Superfund Research Program
Prenatal exposure to a chemical solvent can put babies at an increased risk for birth defects, according to a study published in the September September 2009 issue of Environmental Health . The study, led by Dr. Ann Aschengrau of the Boston University Superfund Research Program, explored the relationship between a mother's exposure to perchloroethylene (PCE) and the incidence of birth defects in children born around Cape Cod, Mass. between 1969 and 1983.
PCE, a chlorinated ethylene, is classified as a potential human carcinogen by the Department of Health and Human Services. It is a commonly-used solvent in the dry-cleaning industry and as a metal degreaser. The mothers in this study were exposed to PCE through the municipal drinking water supply. Over 660 miles of asbestos cement pipes were installed in the area from the late 1960s through 1980. Prior to their installation, the inner surface of the pipes was coated with vinyl toluene resin dissolved in PCE to improve the taste of the water.

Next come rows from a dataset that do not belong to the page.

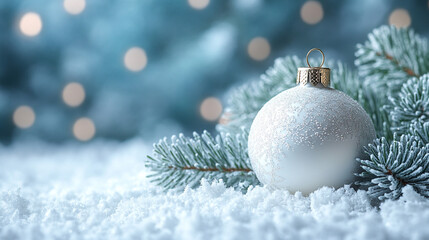 White ornament with snowy pine branch, bokeh background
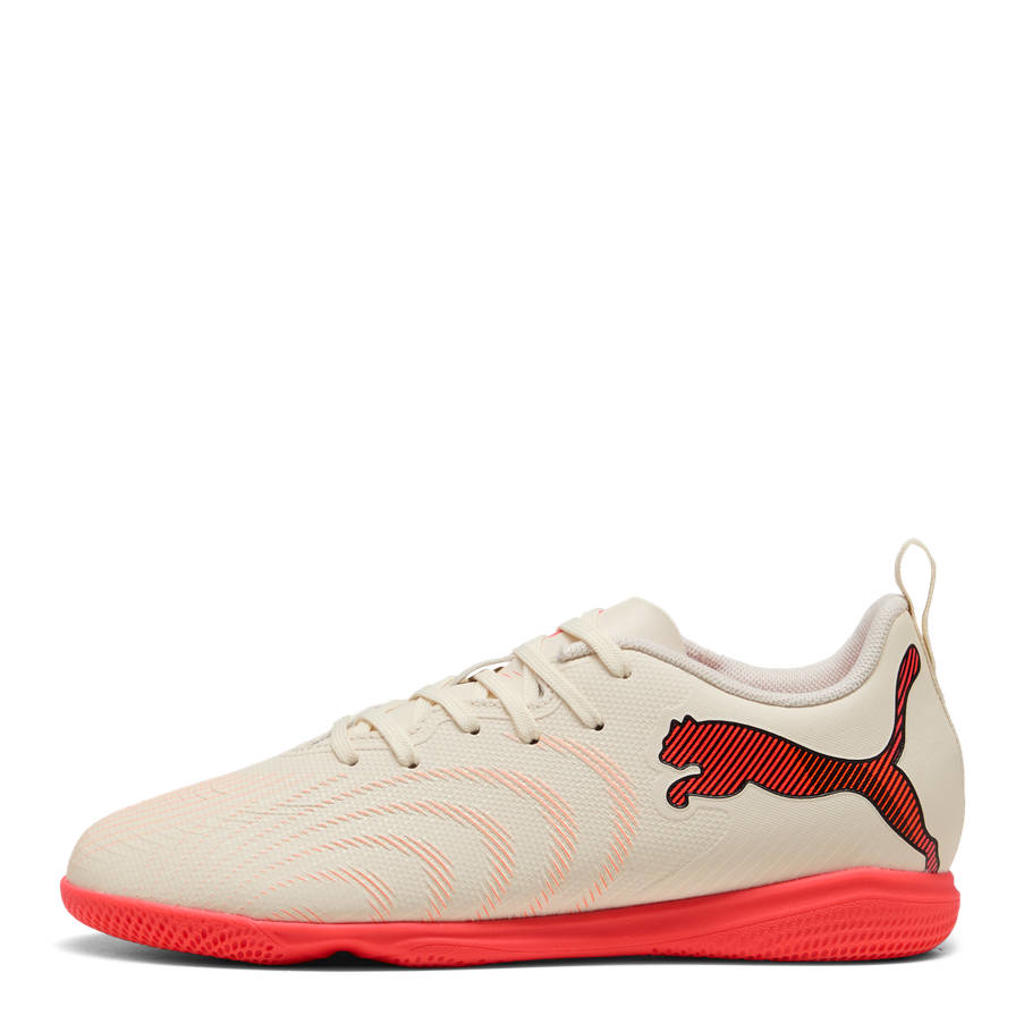 Beige en rode jongens en meisjes Puma Future 9 Play junior imitatieleren voetbalschoenen -
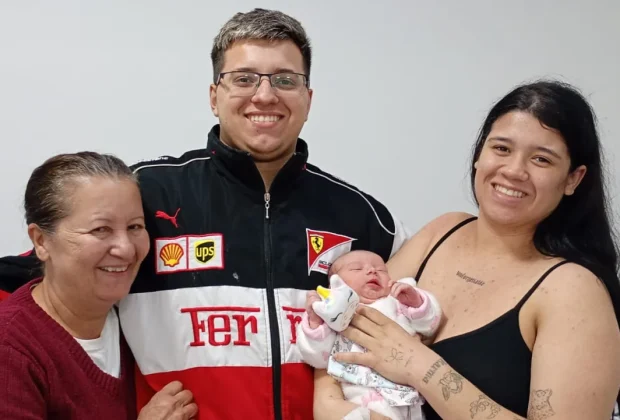 Sarah é a primeira bebê a nascer na nova maternidade da Santa Casa de Mogi Mirim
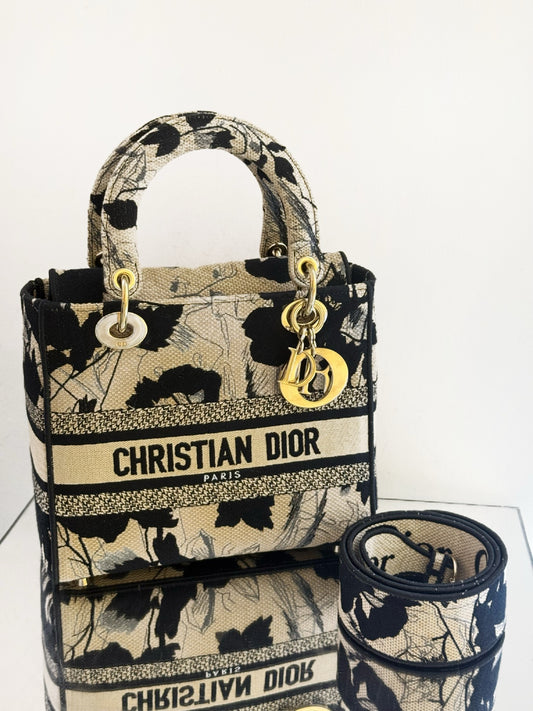 Dior - Lady D-Lite - Embroidered canvas - Beige with Black and Grey - (Medium)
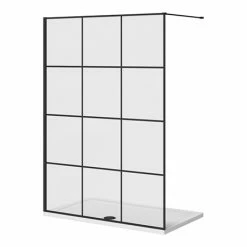 Arezzo 1400 X 800 Matt Black Grid Wet Room (inc. 1400 Screen + Tray)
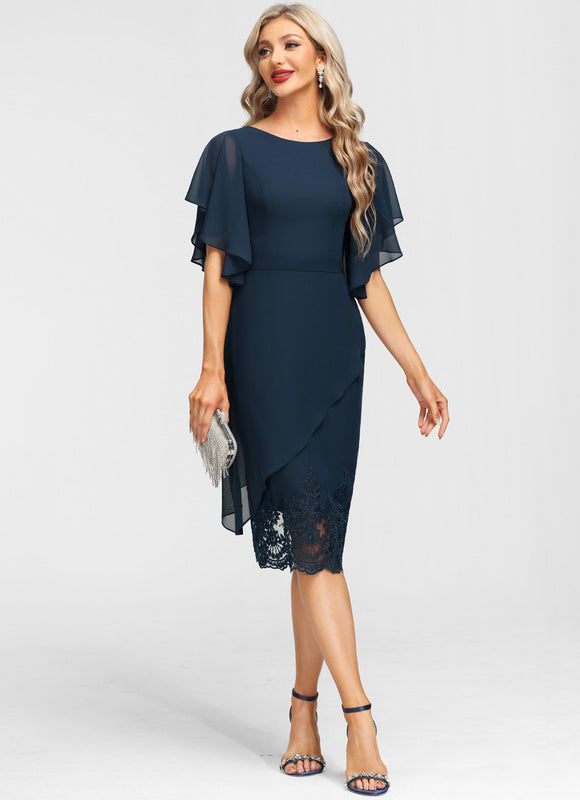 Robe Chic Bleu Marine Avec Dentelle - gallery 4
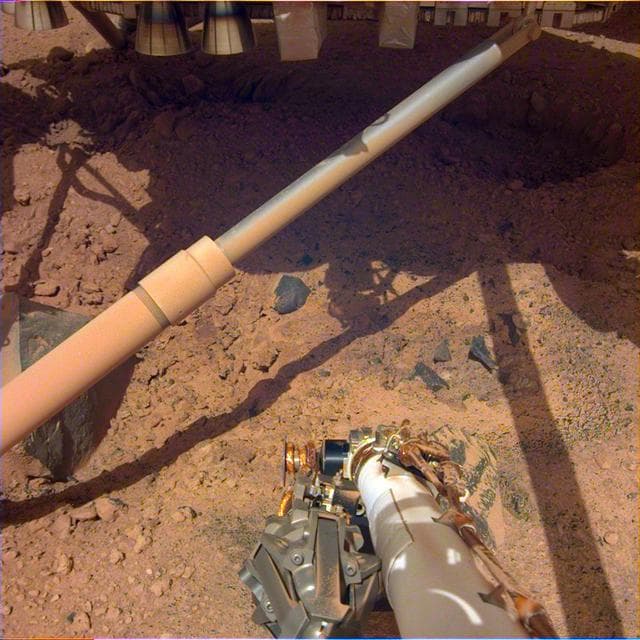 NASA image: Pits Under InSight Lander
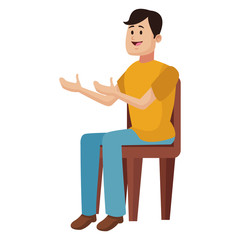 Man seated on chair and talking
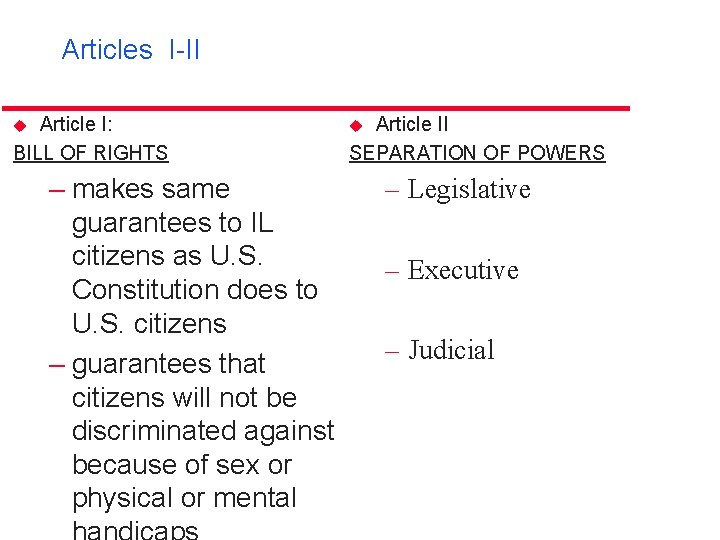 Articles I-II Article I: BILL OF RIGHTS u – makes same guarantees to IL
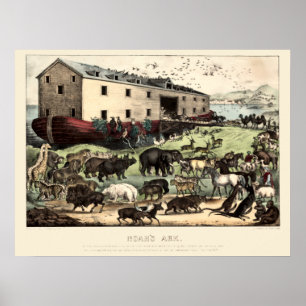 Vintage Noah's Ark von Currier & Ives Poster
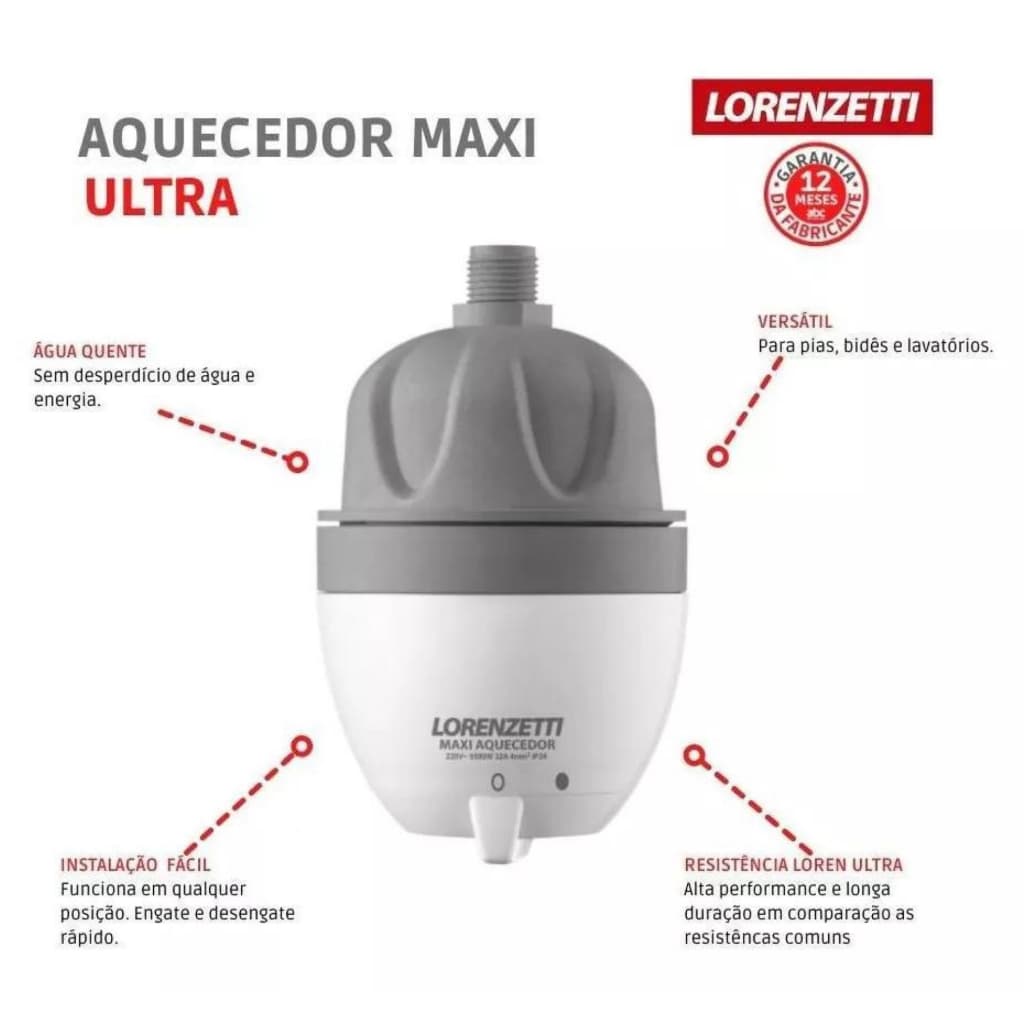 Aquecedor de água elétrico p/ torneiras Maxi Ultra 220V Lorenzetti
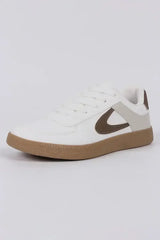 Navy Blue PU Leather Lace Up Sneakers - Femstylo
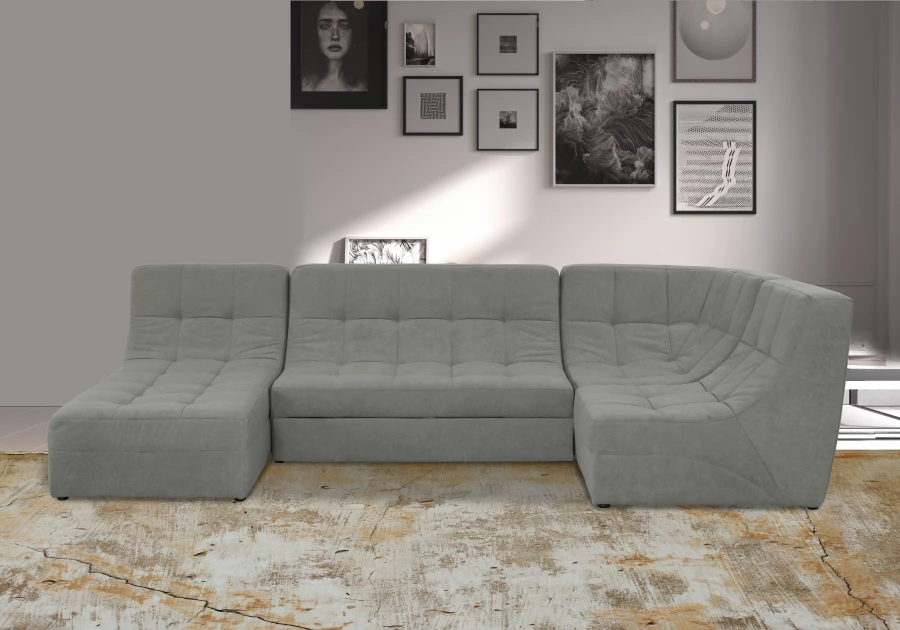 Угловой диван-кровать Палладиум 2, модульный, серый, 325х185х88 см (изображение №12)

SThe manufacturers who installed the lining thought that the highly volatile PCE would evaporate prior to installation, but their assumption was wrong. When the water was tested up to 20 years later, municipal authorities learned that PCE had been leaching into the water supply for years and, in some localities were nearly 200 times the U.S. Environmental Protection Agency's 1980 maximum contaminant level of 40 µg/L. Once the contamination was detected, the pipes were cleared with a flushing process and are now in compliance with EPA standards.
Aschengrau and her team of researchers painstakingly compiled municipal water records and matched them with birth certificates to find women exposed to the solvent during their pregnancies. Of the women contacted who lived in the area during the time of contamination, 70%—over 2,000 people—responded. Cleft lip and palate and neural tube defects were three times more common among babies who had been exposed in the womb to PCE than among babies who were not exposed.
This work stands out because Aschengrau was able to single out the ingestion of PCE as a single exposure route. Through leaching and transport models, she was able to estimate historical PCE exposures in the Cape Cod area. However, due to the small size of the study, Aschengrau recommends follow-up studies. She'd like to conduct studies across Massachusetts in order to obtain a larger sample size. "Because PCE remains a commonly used solvent and frequent contaminant of ground and drinking water supplies," she said, "it is important to understand its impact on the occurrence of congenital anomalies."